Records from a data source
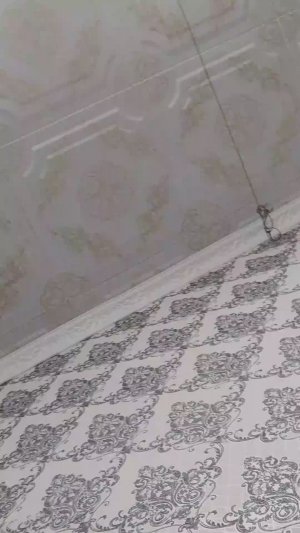 о см ога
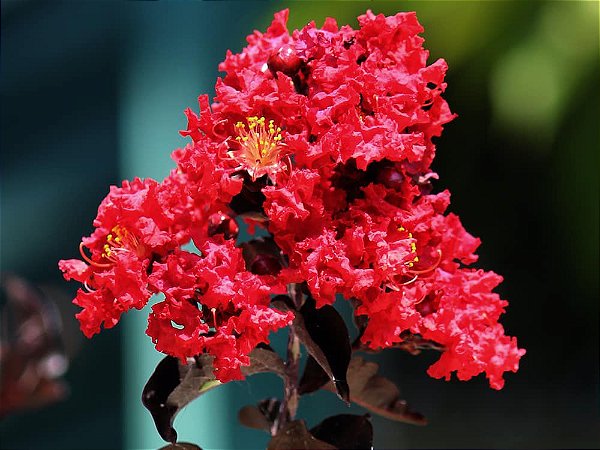 Linda Extremosa Resedá Vermelha Ótima P/ Calçadas Muda C/ 80 cm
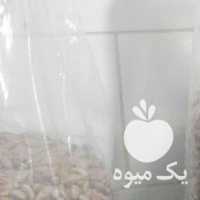 فروش هسته خرما در بوشهر در گروه خرید فروش عمده خرما - کبکاب تازه زاهدی خشک خارک در یکمیوه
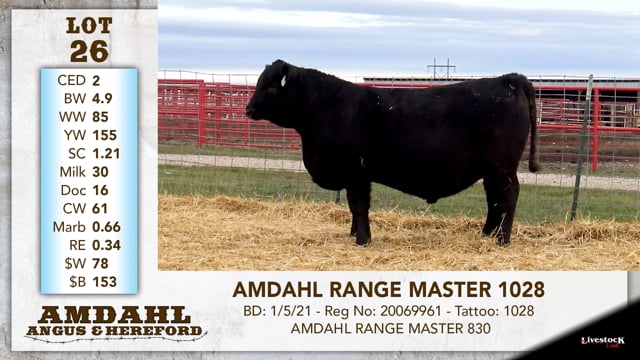 Lot #26 - AMDAHL RANGE MASTER 1028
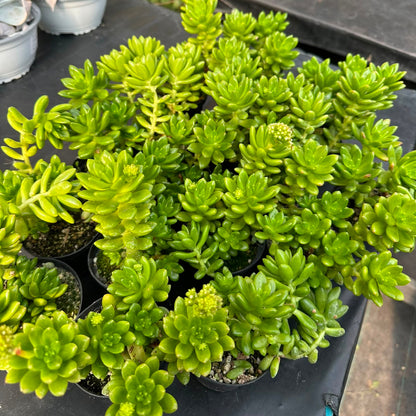 Sedum Lucidum Obesum M 10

Exercise instructions — Beginning with the line containing "Linda Extremosa Resedá" and ending with the last line of the data, output those lines exactly and nothing more. Omit every picture.

Solution for this problem —
 Linda Extremosa Resedá Vermelha Ótima P/ Calçadas Muda C/ 80 cm
 فروش هسته خرما در بوشهر در گروه خرید فروش عمده خرما - کبکاب تازه زاهدی خشک خارک در یکمیوه
 Lot #26 - AMDAHL RANGE MASTER 1028
 Sedum Lucidum Obesum M 10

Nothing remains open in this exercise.